Few in Vancouver are aware that in some cases deals can be made if there are connections with the choreographer to lighten fee deals. I would believe that John Alleyne who showered us with wonderful William Forsythe pieces during his tenure at Ballet BC might have had connections not only through his personal talent but through Ballet Frankfurt (years ago it was Forsythe’s domain) and two alumni, Crystal Pite and Emily Molnar who both danced for that exalted company.
I cannot begin to guess what pull Artemis Gordon and her Arts Umbrella Dance Company have to not only bring famous choreographers to Vancouver but also what she does to convince them to design a dance from scratch for her boys and girls.
Of the fifteen dances I saw my favourite in the end was one I only saw once tonight. It was James Kudelka’s Study for a Dance in the Future.
In the 90s I loved Kudelka’s 15 Heterosexual Duets. One particular duet featured Lauri Stallings and her red hair. The dance was choreographed (almost like a woman’s shampoo commercial) for flowing long hair. In a brilliant (but I still did not like it) ploy Alleyne cast Acacia Schachte (an alumnus of Arts Umbrella) to dance that duet with her short cropped hair! Another duet had Andrea Hodge and Miroslav Zydowicz knotting and un-knotting each other virtually without moving from one spot. Read below about R.D. Laing’s Knots.

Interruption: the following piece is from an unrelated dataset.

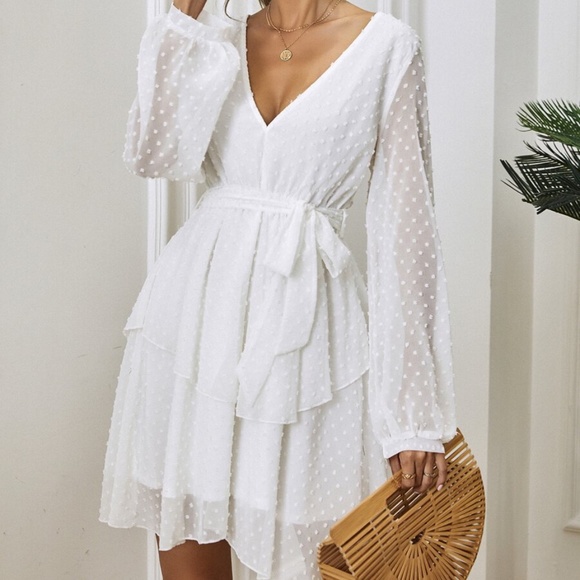 boho white swiss dot v neck belted ruffle dress - Picture 2 of 7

Kudelka’s Study for a Dance in the Future feature all 25 dancers of the Senior Company. They were all dressed in black. My 12-year-old granddaughter Lauren Stewart (who has been dancing at Arts Umbrella for 5 years) informed me that Kudelka eliminated for this dance the legs of the stage. I did not have the faintest idea of what Lauren was talking about. It seems that her teacher Lina Fitzner (an ex-alumnus of Arts Umbrella) in a class explained the workings of a dance stage and that for Study for a Dance in the Future Kudelka did without what I thought were called the black wing curtains of the stage. They are legs! This made the stage much larger and it enabled us to see all what was going on at any minute.
The range of what we think and do is limited by what we fail to notice. And because we fail to notice that we fail to notice, there is little we can do to change; until we notice how failing to notice shapes our thoughts and deeds.
Kudelka’s dance featured my fave male dancer Albert Galindo in a work that instantly reminded me of the black cover of R.D. Laing’s 1970 book Knots. Laing was (he died in 1989) a Scottish Psychiatrist. The Kudelka physically had the tangling and untangling of human knots and chains with Galindo going here or there seeking humanity, a human touch in what increasingly is a world without it. The word that came to mind tonight was one that I have not pondered about for years, alienation.
Galindo’s narrow face and sunken eyes reinforced the idea of the frustration that people must feel in this 21stcentury.
There is no doubt in my mind that Galindo and his four male cronies (not to mention all those women) will circumvent the frustrations of this 21stcentury and all will find their place in the sun, most probably on a dance stage.
Some of us know that after the Season Finale it’s not all over. In June not only the Senior Dance Company and the Apprentice Dance Company but all the rest of Arts Umbrella Dance family will be performing (including my Lauren). This means I can prepare myself for the eventual (and I hope only internal)tearful goodbye to my boys (and yes equal time) the girls, too.
For my money Ms. Gordon (Artemis Gordon) you could not do better than to include Study for a Dance in the Future in June. I will be there.